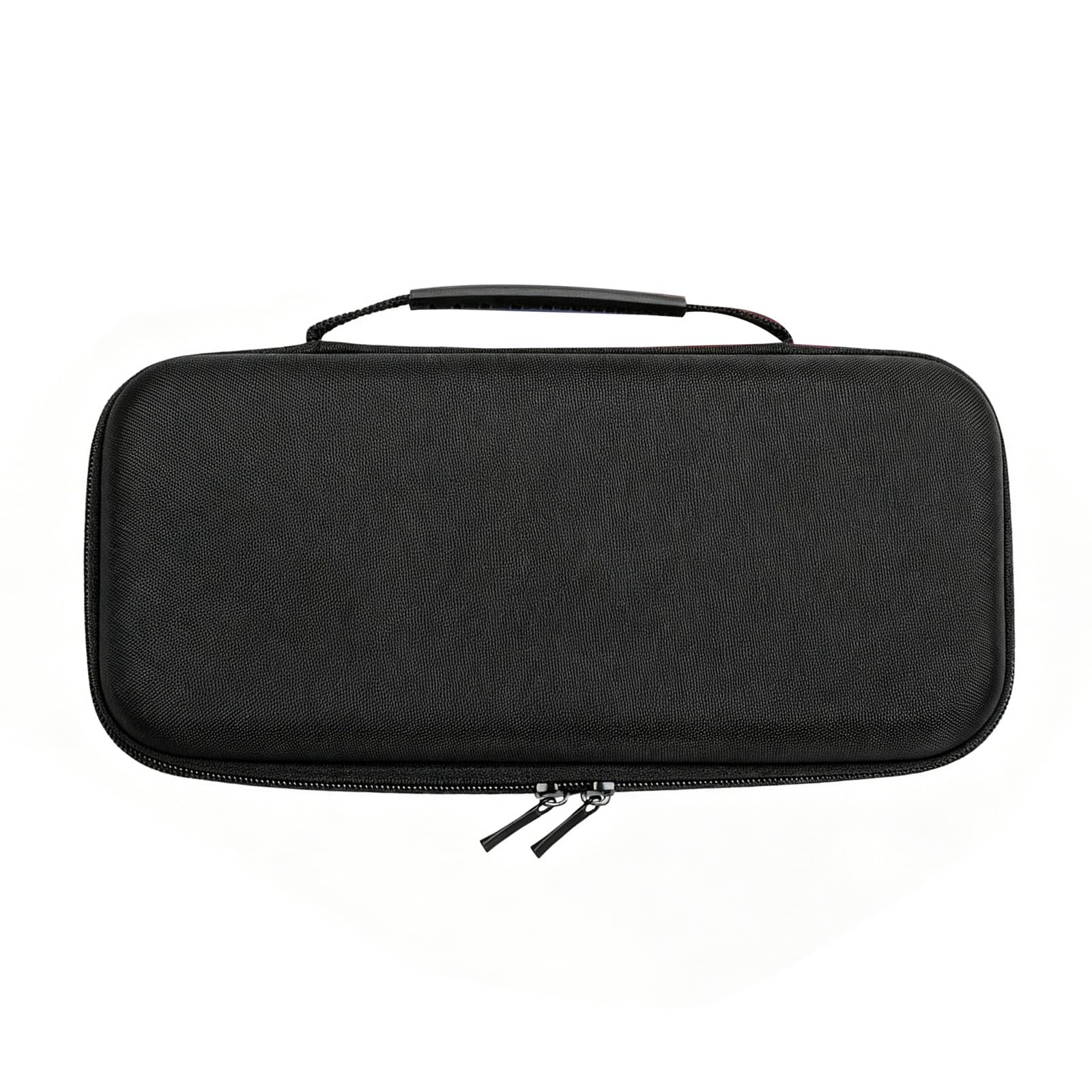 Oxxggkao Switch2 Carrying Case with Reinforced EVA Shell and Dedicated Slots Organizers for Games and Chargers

•••••

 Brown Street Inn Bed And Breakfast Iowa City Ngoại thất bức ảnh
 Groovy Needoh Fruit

•••••

=== Task to carry out ===
Would you copy, unchanged, the stretch of the records above that begins at the line containing "Brown Street Inn" and ends at the line containing "Groovy Needoh Fruit", and only that?

=== Answer section ===
 Brown Street Inn Bed And Breakfast Iowa City Ngoại thất bức ảnh
 Groovy Needoh Fruit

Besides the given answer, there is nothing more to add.